TASK INPUT Start Marker

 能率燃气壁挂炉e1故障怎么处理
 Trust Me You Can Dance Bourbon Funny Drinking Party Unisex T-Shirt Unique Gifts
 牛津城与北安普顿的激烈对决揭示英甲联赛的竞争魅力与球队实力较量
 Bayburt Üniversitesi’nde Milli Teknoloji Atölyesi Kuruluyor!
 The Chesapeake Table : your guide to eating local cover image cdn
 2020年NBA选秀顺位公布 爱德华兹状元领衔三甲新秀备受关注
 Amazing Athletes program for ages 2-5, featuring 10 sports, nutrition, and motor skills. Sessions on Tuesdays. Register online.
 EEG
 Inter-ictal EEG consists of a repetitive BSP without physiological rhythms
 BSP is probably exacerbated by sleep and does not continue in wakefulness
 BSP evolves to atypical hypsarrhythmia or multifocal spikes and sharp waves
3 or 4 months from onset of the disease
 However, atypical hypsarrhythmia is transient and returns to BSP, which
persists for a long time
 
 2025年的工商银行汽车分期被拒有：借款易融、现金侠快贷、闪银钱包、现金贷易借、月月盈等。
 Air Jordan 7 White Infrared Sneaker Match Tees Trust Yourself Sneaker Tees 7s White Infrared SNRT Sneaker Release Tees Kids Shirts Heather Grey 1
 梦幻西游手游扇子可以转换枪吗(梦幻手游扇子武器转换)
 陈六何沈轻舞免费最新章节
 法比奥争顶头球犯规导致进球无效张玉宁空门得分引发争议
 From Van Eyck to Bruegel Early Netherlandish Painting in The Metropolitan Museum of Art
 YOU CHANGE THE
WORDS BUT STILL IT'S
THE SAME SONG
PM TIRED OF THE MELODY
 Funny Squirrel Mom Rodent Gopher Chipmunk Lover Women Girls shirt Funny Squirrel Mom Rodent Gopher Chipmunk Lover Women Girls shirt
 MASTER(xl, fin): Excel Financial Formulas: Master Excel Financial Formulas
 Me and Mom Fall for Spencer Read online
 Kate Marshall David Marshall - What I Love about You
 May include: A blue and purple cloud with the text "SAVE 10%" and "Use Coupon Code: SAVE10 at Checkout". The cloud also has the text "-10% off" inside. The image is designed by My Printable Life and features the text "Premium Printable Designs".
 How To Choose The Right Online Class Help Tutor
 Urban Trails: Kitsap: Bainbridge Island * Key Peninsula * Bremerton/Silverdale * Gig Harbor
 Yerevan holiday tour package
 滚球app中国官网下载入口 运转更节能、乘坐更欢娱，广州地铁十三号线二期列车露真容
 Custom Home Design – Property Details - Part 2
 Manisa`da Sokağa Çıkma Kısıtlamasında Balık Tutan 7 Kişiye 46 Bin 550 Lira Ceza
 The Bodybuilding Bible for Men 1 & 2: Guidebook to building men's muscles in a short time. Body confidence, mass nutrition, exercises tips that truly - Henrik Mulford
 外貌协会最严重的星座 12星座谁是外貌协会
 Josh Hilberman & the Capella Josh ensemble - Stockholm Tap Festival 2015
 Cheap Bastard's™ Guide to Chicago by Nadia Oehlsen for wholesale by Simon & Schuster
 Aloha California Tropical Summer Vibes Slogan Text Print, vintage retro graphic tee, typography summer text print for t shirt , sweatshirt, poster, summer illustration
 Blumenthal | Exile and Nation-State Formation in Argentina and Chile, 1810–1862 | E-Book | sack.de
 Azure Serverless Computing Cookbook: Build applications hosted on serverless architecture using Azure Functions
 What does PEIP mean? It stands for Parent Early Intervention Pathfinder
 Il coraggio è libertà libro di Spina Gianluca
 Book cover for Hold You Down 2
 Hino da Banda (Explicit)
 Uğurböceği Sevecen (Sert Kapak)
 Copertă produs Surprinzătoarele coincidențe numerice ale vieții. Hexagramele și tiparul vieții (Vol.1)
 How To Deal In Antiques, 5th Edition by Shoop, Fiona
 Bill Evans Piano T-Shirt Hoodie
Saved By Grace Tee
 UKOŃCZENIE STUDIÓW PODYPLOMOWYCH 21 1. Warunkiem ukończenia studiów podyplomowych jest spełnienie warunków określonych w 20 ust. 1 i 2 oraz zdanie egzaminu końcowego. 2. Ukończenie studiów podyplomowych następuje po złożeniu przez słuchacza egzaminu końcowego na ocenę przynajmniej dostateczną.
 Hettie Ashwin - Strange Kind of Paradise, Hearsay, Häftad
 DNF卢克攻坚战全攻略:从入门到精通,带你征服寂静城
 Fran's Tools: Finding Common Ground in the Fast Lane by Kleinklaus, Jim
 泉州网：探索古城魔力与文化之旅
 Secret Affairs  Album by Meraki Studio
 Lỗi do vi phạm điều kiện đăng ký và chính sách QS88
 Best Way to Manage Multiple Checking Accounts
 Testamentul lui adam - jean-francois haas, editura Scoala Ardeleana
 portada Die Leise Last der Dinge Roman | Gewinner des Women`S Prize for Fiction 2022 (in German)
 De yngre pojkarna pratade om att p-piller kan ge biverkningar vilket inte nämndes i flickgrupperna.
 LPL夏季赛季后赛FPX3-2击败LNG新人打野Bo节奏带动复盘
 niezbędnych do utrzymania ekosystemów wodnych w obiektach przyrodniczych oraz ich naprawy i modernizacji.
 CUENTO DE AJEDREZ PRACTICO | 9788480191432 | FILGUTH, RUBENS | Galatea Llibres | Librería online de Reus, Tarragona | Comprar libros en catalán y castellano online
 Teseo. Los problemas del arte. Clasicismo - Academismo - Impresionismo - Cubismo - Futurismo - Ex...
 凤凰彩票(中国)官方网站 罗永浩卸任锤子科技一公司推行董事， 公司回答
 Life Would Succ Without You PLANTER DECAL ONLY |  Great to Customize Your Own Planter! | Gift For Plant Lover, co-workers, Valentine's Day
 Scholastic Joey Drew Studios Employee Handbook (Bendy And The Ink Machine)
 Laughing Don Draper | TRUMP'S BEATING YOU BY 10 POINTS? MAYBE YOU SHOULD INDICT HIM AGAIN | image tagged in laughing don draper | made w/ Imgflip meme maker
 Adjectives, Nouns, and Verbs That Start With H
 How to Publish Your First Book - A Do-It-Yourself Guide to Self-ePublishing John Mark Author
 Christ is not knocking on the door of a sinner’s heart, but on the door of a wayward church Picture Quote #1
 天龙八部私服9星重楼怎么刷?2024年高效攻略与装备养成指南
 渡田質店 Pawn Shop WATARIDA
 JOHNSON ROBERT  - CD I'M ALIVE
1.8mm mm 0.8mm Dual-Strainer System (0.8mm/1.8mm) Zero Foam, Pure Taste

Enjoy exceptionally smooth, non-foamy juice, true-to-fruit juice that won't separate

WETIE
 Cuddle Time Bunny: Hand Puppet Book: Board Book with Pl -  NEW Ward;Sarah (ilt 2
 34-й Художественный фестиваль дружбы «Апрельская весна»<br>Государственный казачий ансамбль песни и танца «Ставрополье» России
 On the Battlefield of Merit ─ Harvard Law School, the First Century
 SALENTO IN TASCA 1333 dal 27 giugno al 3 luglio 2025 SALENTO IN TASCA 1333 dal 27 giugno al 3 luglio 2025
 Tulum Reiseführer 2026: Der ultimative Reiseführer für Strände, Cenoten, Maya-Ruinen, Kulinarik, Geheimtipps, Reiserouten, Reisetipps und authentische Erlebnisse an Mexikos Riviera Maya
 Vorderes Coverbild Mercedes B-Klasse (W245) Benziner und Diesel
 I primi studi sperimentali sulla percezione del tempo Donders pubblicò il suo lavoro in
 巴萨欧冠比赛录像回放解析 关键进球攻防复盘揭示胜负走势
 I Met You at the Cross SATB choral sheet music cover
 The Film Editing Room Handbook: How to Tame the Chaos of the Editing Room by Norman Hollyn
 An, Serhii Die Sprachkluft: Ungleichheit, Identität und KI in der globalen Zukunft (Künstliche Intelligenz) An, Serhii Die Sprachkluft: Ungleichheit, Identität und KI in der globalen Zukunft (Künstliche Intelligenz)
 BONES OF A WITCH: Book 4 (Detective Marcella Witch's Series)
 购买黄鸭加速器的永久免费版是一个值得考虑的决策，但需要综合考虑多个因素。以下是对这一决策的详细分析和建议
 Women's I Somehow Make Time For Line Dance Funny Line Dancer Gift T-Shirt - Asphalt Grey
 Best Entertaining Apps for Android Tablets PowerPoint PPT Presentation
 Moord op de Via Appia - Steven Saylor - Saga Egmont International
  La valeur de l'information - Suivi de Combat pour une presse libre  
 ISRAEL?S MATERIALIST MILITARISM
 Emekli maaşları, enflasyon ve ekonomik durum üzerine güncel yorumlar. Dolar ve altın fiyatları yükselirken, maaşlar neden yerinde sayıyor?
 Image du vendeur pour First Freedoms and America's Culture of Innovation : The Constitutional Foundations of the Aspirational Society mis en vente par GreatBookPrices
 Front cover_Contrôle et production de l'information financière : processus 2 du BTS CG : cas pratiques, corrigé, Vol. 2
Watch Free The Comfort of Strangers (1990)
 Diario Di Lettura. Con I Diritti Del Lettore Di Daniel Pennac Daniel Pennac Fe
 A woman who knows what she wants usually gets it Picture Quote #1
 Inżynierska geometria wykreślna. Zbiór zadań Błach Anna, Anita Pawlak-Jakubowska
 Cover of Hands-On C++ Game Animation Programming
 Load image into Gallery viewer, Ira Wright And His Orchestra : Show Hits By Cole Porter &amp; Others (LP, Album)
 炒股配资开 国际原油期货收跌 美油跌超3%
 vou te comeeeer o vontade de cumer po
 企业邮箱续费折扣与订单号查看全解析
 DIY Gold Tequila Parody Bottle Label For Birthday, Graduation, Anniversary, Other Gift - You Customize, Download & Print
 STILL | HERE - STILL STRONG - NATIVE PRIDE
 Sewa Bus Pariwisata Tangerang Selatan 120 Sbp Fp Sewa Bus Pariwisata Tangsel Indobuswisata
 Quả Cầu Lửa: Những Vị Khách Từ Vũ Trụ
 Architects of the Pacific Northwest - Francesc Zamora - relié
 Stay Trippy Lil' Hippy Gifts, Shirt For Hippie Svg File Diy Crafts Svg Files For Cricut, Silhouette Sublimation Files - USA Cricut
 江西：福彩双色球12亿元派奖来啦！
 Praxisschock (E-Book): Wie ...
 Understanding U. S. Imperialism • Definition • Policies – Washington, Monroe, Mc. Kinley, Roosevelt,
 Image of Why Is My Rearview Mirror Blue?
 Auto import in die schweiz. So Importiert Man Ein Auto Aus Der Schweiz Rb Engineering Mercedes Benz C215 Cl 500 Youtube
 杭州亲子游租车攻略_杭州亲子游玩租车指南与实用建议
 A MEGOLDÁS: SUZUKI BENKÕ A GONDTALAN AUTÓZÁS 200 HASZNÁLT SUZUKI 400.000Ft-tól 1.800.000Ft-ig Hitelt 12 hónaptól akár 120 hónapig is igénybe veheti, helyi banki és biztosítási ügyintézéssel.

TASK INPUT End Marker

YOUR ASSIGNMENT: In the data above, which lines lie between the line with "凤凰彩票(中国)官方网站 罗永浩卸任锤子科技一公司推行董事， 公司回答" and the line with "CD I'M ALIVE", inclusive? Print those lines exactly and nothing else.

SOLUTION FOR THIS EXERCISE:
 凤凰彩票(中国)官方网站 罗永浩卸任锤子科技一公司推行董事， 公司回答
 Life Would Succ Without You PLANTER DECAL ONLY |  Great to Customize Your Own Planter! | Gift For Plant Lover, co-workers, Valentine's Day
 Scholastic Joey Drew Studios Employee Handbook (Bendy And The Ink Machine)
 Laughing Don Draper | TRUMP'S BEATING YOU BY 10 POINTS? MAYBE YOU SHOULD INDICT HIM AGAIN | image tagged in laughing don draper | made w/ Imgflip meme maker
 Adjectives, Nouns, and Verbs That Start With H
 How to Publish Your First Book - A Do-It-Yourself Guide to Self-ePublishing John Mark Author
 Christ is not knocking on the door of a sinner’s heart, but on the door of a wayward church Picture Quote #1
 天龙八部私服9星重楼怎么刷?2024年高效攻略与装备养成指南
 渡田質店 Pawn Shop WATARIDA
 JOHNSON ROBERT  - CD I'M ALIVE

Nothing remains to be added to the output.